Tripartate Soul

Tripartate Soul

The Tripartite Nature of the Soul

Plato conceives of the soul as having (at least) three parts:

1. A rational part (the part that loves truth and knowledge, which should rule over the other parts of the soul through the use of reason). The Charioteer represents man’s Reason

2. A spirited part (which seeks glory, honor, recognition and victory). The white horse represents man’s spirit (thymos: θύμος).

3. An appetitive part (which desires food, drink, material wealth and sex). The black horse represents man’s appetites.

Worth noting: In the dialogue “The Republic”, Plato states that justice will be that condition of the soul in which each of these three parts “does its own work,” and does not interfere in the workings of the other parts.

Plato's model

Plato's model

Plato

Plato (429–347 B.C.E.) argued that, as the body is from the material world, the soul is from the world of ideas and is thus immortal. He believed the soul was temporarily united with the body and would only be separated at death, when it would return to the world of Forms. Since the soul does not exist in time and space, as the body does, it can access universal truths.

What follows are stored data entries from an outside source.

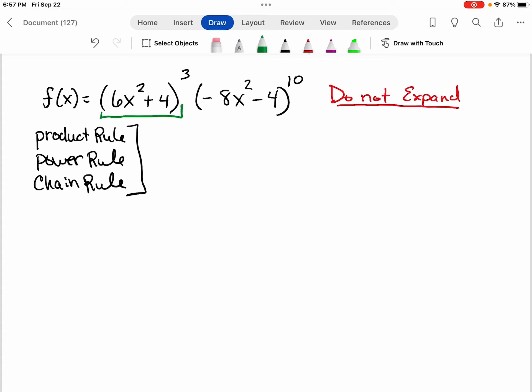What I want you to look at first — look at this as function g, and we'll call this h. This is the product rule, but when I take the individual derivatives of g and h, I'm going to have to use the power rule, because I'll have to bring the three down in front and the ten down in front and decrease that power by one. And I'll have to use the chain rule, because I have a composition function with an inner function. So we're going to start with the product rule, and then when we do the individual functions g and h to find the derivatives, that's when we're going to use the power rule and the chain rule.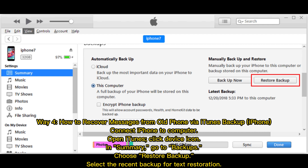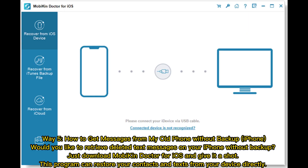Way four: how to recover messages from an old phone via iTunes backup on iPhone. Connect your iPhone to a computer and open iTunes. Click the device icon, then in Summary go to Backups, choose Restore Backup, and select the most recent backup for text message restoration.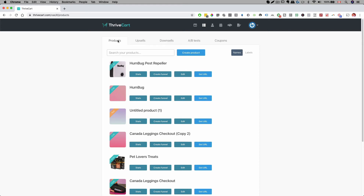Hey everyone, Michael here with Print Lab Studio. In this video I'm going to show you how to create a coupon inside ThriveCart. The coupon feature is very powerful if you want to give incentive for people to sign up or join your program, and it's very easy to create inside ThriveCart. I'll show you how to do that right now.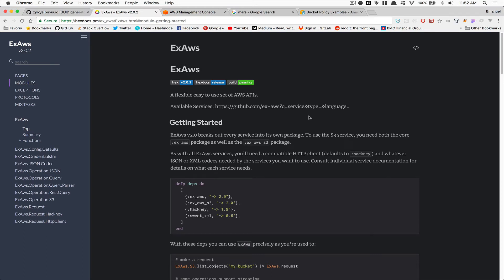Welcome everyone to part one of milestone four. What we're going to do today is create a presigned URL using Amazon S3 and be able to upload an image to S3 with a presigned URL. We're going to use the Elixir AWS library.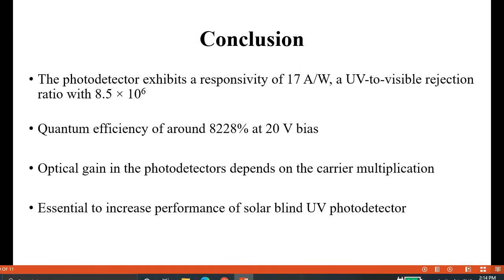These are all the references referred to for this work. Thank you.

'Forms'...exist outside of space and time and that are both the objects of knowledge and somehow the cause of whatever transpires in the physical world [...] the immortal soul, in a disembodied state prior to its incarceration in a body, viewed these Forms, a knowledge of which is then recalled by incarcerated souls through a laborious process.

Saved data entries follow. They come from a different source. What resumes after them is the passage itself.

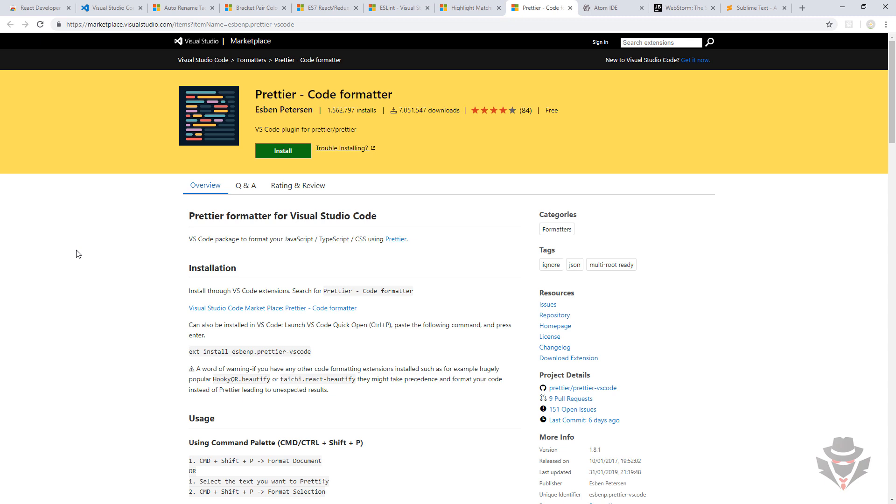When we save, it will reformat our code and it will be much better. So these are the tools and the things you need to know before we start. Again, as I said, feel free to choose any IDE you want or any tools you want. We are going to use Visual Studio Code, but it is not mandatory through the course.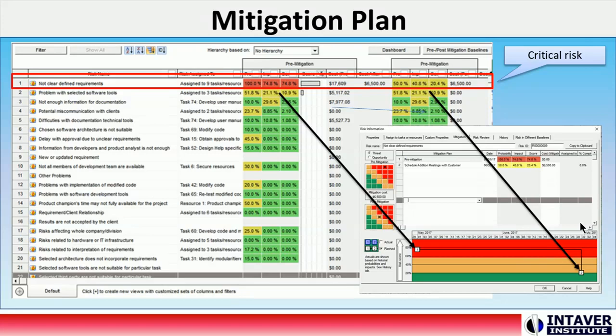However, currently this is merely a plan. In order to measure its effectiveness, we need to add the mitigation plan to the schedule.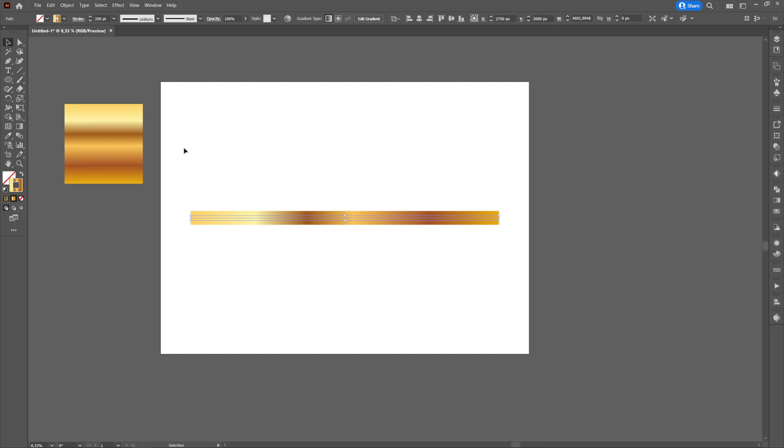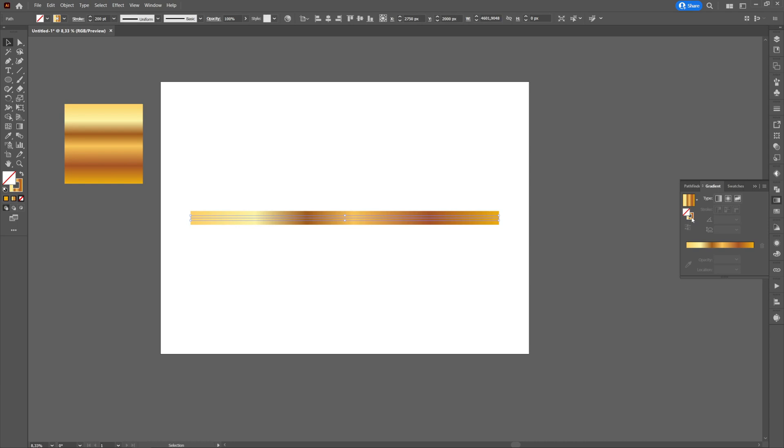We will select the line and go to the gradient tool and then click on stroke and then click on apply gradient across stroke.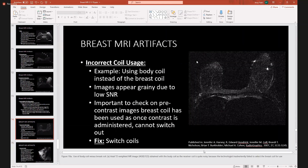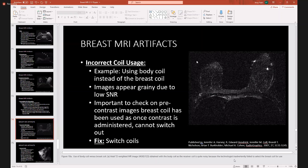Incorrect coil usage — you might think this is silly, but this can happen where a body coil is used instead of a breast coil, and your images look really grainy because of low signal-to-noise ratio. Obviously, the way you fix this is to make sure you're using the right coil, and make sure you're using the right coil before you inject contrast. That is incredibly important.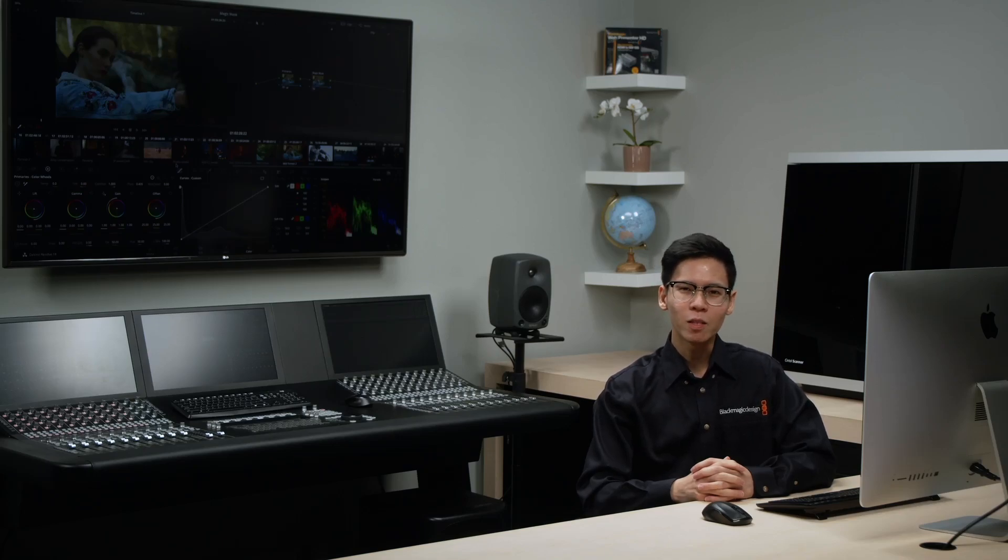Hi, I'm Zach from Blackmagic Design and in this video we'll be talking about the Magic Mask Tool. The Magic Mask Tool can help you to quickly isolate objects or people in the frame for your grading adjustments in just a matter of seconds. Now let's take a look at how this works.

For Plato, ideas (or Forms) are the true reality, and are experienced by the soul. The body is for Plato empty in that it cannot access the abstract reality of the world; it can only experience shadows.

The Allegory of the Cave

  1. Plato realizes that the general run of humankind can think, and speak, etc., without (so far as they acknowledge) any awareness of his realm of Forms.
  2. The allegory of the cave is supposed to explain this.
  3. In the allegory, Plato likens people untutored in the Theory of Forms to prisoners chained in a cave, unable to turn their heads. All they can see is the wall of the cave. Behind them burns a fire. Between the fire and the prisoners there is a parapet, along which puppeteers can walk. The puppeteers, who are behind the prisoners, hold up puppets that cast shadows on the wall of the cave. The prisoners are unable to see these puppets, the real objects, that pass behind them. What the prisoners see and hear are shadows and echoes cast by objects that they do not see. Here is an illustration of Plato’s Cave:

Plato's Cave

Plato's Cave

1. Such prisoners would mistake appearance for reality. They would think the thingsthey see on the wall (the shadows) were real; they would know nothing of the real causes of the shadows.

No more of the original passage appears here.